I looked at Lorna and knew she did not know what the hyoid bone was.

 

“It’s a small bone shaped like a horseshoe that protects the windpipe.”

 

I touched the front of my neck in illustration.

 

“If it’s broken, it means force trauma to the front of the neck. She was choked, strangled.”

 

She nodded her thanks and I told Cisco to keep going.

 

“So they went back out, with arson and homicide investigators, and now we have a full-on murder investigation. They knocked on doors and I talked to a lot of the people they talked to. Several of them heard an argument coming from her apartment about eleven Sunday night. Raised voices. A man and a woman going at it about money.”

 

He referred to his notebook again to get a name.

 

“A Mrs. Annabeth Stephens lives directly across the hall from the victim’s apartment and she was watching out her peephole when a man left following the argument.
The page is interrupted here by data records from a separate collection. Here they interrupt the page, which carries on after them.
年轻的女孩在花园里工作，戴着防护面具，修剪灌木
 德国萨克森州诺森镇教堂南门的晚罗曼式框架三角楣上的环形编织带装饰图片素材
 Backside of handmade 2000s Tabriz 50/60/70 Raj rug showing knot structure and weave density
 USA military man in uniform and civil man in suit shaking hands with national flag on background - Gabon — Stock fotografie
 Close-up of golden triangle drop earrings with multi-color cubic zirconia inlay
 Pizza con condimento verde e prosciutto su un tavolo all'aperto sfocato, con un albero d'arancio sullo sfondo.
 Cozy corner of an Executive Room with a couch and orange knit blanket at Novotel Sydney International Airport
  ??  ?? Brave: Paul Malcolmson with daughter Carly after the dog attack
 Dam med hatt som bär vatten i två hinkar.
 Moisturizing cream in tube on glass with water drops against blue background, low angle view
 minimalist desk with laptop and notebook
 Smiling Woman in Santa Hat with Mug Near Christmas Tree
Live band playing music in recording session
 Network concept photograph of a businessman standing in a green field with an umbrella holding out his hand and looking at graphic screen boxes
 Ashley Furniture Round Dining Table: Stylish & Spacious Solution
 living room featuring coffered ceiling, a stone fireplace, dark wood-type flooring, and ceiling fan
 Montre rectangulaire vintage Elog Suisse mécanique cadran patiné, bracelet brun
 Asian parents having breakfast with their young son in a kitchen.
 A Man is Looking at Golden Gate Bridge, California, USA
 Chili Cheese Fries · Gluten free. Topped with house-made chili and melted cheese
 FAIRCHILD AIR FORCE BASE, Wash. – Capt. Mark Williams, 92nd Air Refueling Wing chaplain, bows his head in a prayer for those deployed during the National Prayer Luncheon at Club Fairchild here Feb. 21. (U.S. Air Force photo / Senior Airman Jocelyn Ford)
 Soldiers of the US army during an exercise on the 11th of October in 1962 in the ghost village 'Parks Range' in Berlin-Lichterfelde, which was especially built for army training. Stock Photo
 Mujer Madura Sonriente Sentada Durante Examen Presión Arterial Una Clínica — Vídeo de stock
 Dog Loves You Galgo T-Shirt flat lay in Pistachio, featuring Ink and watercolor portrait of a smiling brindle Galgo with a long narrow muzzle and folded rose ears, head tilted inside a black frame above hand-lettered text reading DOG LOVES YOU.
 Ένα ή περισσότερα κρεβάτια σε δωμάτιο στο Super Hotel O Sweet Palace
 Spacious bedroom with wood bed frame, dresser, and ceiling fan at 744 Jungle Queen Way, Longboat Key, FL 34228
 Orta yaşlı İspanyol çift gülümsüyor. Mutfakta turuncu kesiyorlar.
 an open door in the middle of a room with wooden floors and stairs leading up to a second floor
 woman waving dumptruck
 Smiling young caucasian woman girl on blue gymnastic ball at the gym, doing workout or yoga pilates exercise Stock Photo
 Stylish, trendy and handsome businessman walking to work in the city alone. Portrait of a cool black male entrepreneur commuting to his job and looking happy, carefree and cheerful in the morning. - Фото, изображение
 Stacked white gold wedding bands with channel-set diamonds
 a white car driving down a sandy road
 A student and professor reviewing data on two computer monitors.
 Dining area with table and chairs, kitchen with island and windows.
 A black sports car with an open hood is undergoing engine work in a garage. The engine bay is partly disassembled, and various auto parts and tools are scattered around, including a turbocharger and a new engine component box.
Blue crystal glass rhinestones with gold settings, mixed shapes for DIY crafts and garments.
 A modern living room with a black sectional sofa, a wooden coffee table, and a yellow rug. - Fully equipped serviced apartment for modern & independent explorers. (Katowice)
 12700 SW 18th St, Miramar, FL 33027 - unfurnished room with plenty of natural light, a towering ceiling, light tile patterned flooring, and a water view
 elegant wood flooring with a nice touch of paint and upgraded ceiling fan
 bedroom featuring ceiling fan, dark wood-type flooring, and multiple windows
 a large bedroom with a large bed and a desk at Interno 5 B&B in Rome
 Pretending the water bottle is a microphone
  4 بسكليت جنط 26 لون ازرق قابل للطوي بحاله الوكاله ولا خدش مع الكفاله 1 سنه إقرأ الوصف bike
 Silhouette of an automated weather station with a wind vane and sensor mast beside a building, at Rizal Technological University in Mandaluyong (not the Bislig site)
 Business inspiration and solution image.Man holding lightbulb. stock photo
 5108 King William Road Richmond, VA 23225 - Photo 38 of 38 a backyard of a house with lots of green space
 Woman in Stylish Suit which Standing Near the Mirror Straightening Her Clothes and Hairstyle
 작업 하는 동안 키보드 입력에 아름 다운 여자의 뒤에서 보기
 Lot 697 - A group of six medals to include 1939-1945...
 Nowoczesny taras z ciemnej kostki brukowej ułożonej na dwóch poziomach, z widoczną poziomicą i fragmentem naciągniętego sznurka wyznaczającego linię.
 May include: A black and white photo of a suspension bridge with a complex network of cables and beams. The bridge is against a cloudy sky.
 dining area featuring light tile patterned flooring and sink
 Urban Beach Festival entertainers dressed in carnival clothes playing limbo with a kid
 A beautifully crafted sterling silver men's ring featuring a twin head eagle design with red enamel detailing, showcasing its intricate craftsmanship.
She said the time was between eleven thirty and midnight because the news was over and she went to bed at midnight. She later identified Andre La Cosse when the cops showed her a six-pack.”

 

“She told you this?”

 

“She did.”

 

“Did she know you were working for the guy she identified?”

 

“I told her I was investigating the death across the hall and she spoke willingly to me. I didn’t identify myself further than that because she never asked for anything further.”